# Gibt es neue Fangmeldungen ?



## Keule71 (7. Februar 2017)

Moin, würde mich mal interessieren ob an den Stränden
Lippe,Hohenfelde,Hohwacht,Sehlendorf oder Eitz(Weißenhaus)
momentan was gefangen wird.Letztes mal war ich vor 4 Wochen in Pelzerhaken, dort ging nichts.
Gruß Keule


----------



## degl (7. Februar 2017)

*AW: Gibt es neue Fangmeldungen ?*



Keule71 schrieb:


> Moin, würde mich mal interessieren ob an den Stränden
> Lippe,Hohenfelde,Hohwacht,Sehlendorf oder Eitz(Weißenhaus)
> momentan was gefangen wird.Letztes mal war ich vor 4 Wochen in Pelzerhaken, dort ging nichts.
> Gruß Keule



Werd morgen mal berichten...............

gruß degl


----------



## Keule71 (7. Februar 2017)

*AW: Gibt es neue Fangmeldungen ?*

moin degl, an welchen Strandabschnitt hast Du gedacht?


----------



## degl (7. Februar 2017)

*AW: Gibt es neue Fangmeldungen ?*



Keule71 schrieb:


> moin degl, an welchen Strandabschnitt hast Du gedacht?



Eigentlich nähe Kiel.........hab aber verschoben..........bin nicht fit genug für strammen Ost#d

gruß degl


----------



## NaturalBornFisher (7. Februar 2017)

*AW: Gibt es neue Fangmeldungen ?*

Ich war zuletzt Ende Dezember und Anfang Januar Nähe Hohwacht unterwegs. Nordwestwind und hoher Wasserstand.
Einige Plattfische waren den trüben Fluten zu entlocken. Überwiegend Klieschen und somit recht gut im Fleisch. Einige Flundern über 40 waren sehr schlank und sind mir beim Landen aber wieder vom Haken gefallen...
Nächste Woche geht's vielleicht mal wieder los.
Dorsch Fehlanzeige.

Gruß, Carsten


----------



## Lando (17. Februar 2017)

*AW: Gibt es neue Fangmeldungen ?*

Hallo, noch nix wieder los an der Ostsee???
Wollte am 03.03 mal wieder an die Brandung. Gibt es momentan Fänge und ja wo???
Gruss


----------



## Carsten Heidorn (17. Februar 2017)

*AW: Gibt es neue Fangmeldungen ?*

Moin,
 könnte mit 2 Grad Wassertemperatur ein wenig zu frisch sein fürs Brandeln |kopfkrat

 BG
 Carsten


----------



## Tino (17. Februar 2017)

*AW: Gibt es neue Fangmeldungen ?*

Ausnahmen gibts... aber bei 2° eher nicht.

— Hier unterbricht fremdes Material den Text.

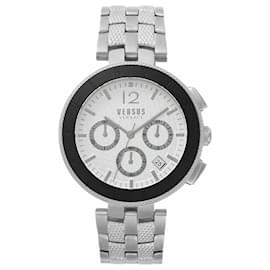 Autre Marque-Versus Versace Logo Gent Chrono Bracelet Watch-Metallic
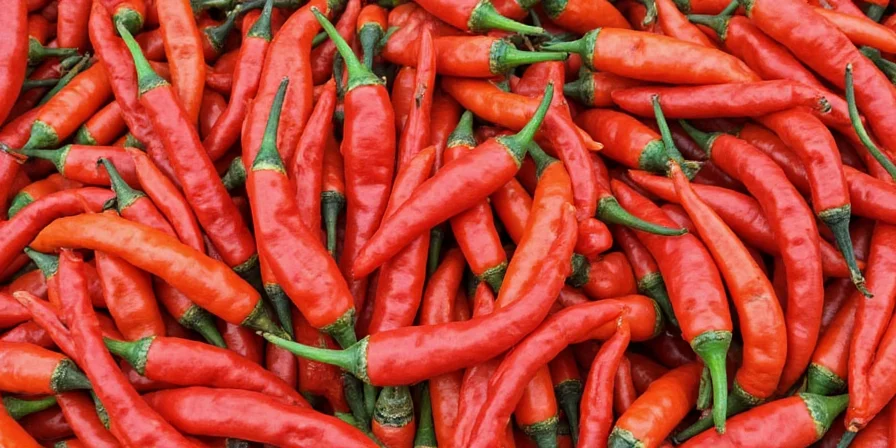 Dried Puya peppers stored in glass jars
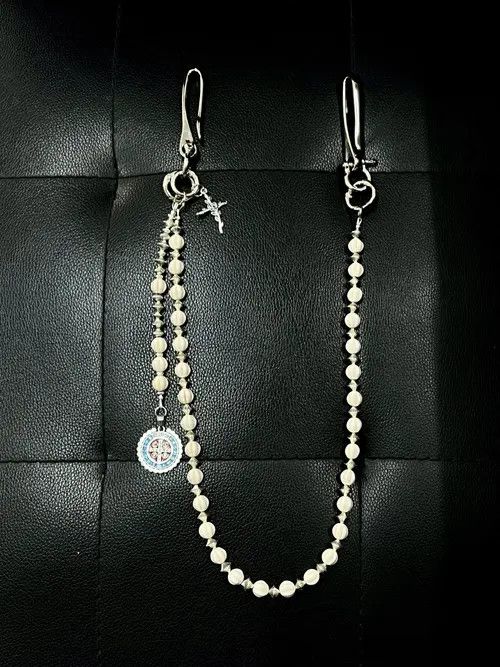 Japanese Brand Shizuku x Haya Punk Stone Cross Pants Chain Size ONE SIZE - 5 Thumbnail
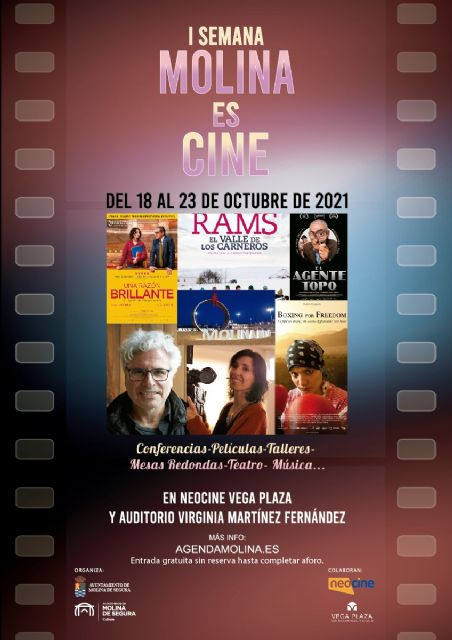 La I Semana MOLINA ES CINE se celebra del 18 al 23 de octubre en Neocine Vega Plaza y Auditorio Virginia Martínez Fernández - 1, Foto 1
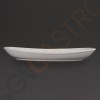 Olympia Whiteware tiefe ovale Schalen 30,4cm CC890 | 30,4 x 19cm | 4 Stück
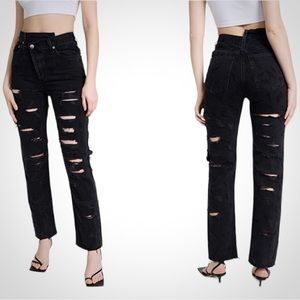 Agolde Criss-Cross Straight Jeans in Feverish - Size 25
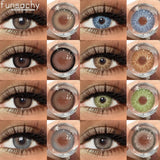 Popxstar  2pcs New Colored Contact Lenses for Eyes Fashion Cosmetic Brown Pupils Gray Lenses for Eye Multicolored Contact Lens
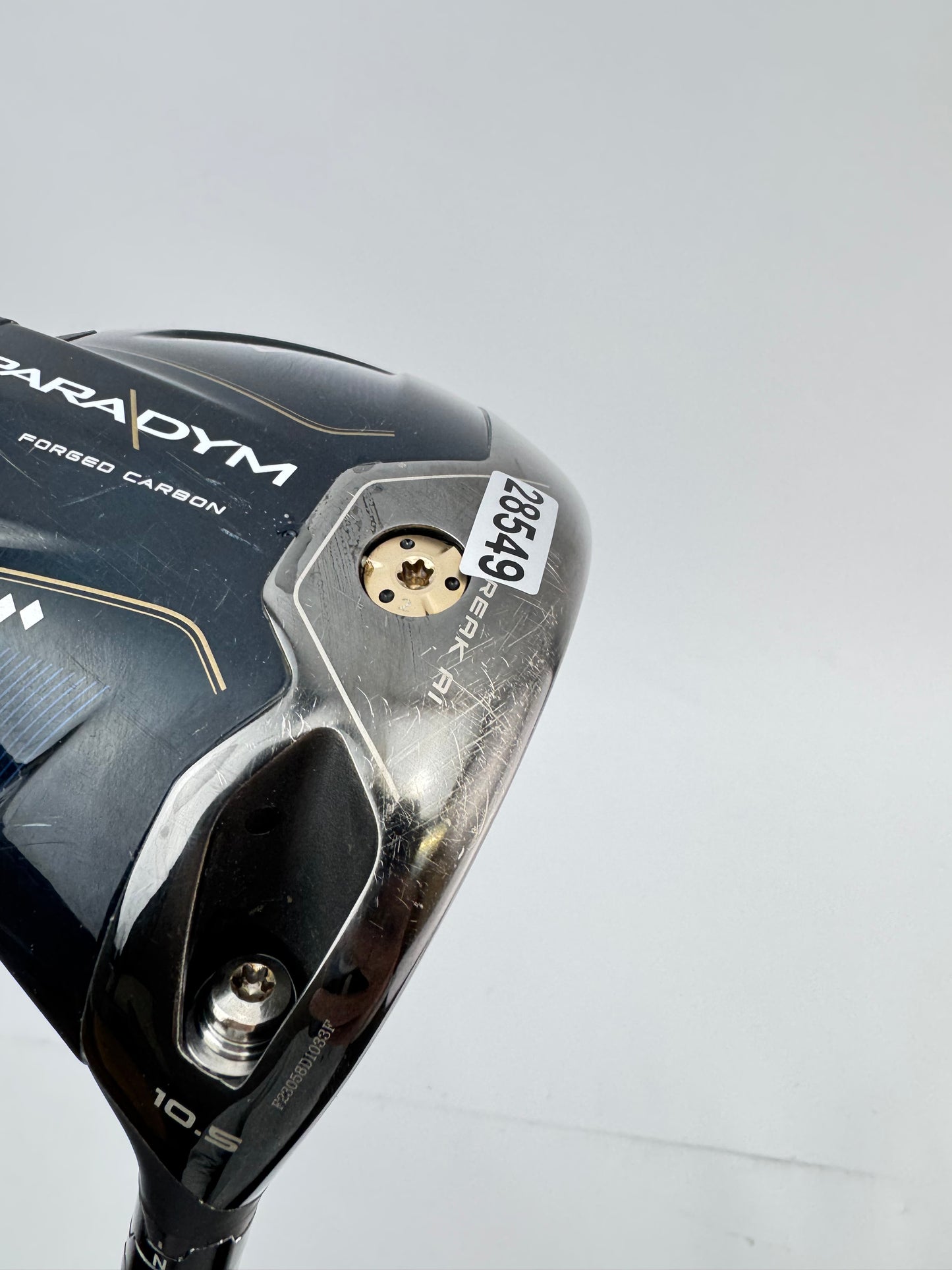 Callaway Paradym Driver Triple Diamond 10.5* Accra FX M5 X Flex Graphite /28549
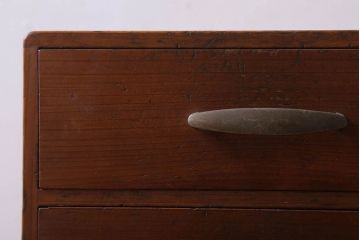 アンティーク家具　古い木製のアンティーク2杯小引き出し(1)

Wenn überhaupt,dann such richtig tiefes Wasser.


----------



## NaturalBornFisher (19. Februar 2017)

*AW: Gibt es neue Fangmeldungen ?*

Am Freitag in Weißenhaus nur eine handlange Flunder. Fünf Mefojäger ebenfalls ohne Fang.

LG C.


----------



## Fischklopfer (2. März 2017)

*AW: Gibt es neue Fangmeldungen ?*

Moin Keule71, freue mich schon auf unser erstes gemeinsame Brandeln in 2017.


----------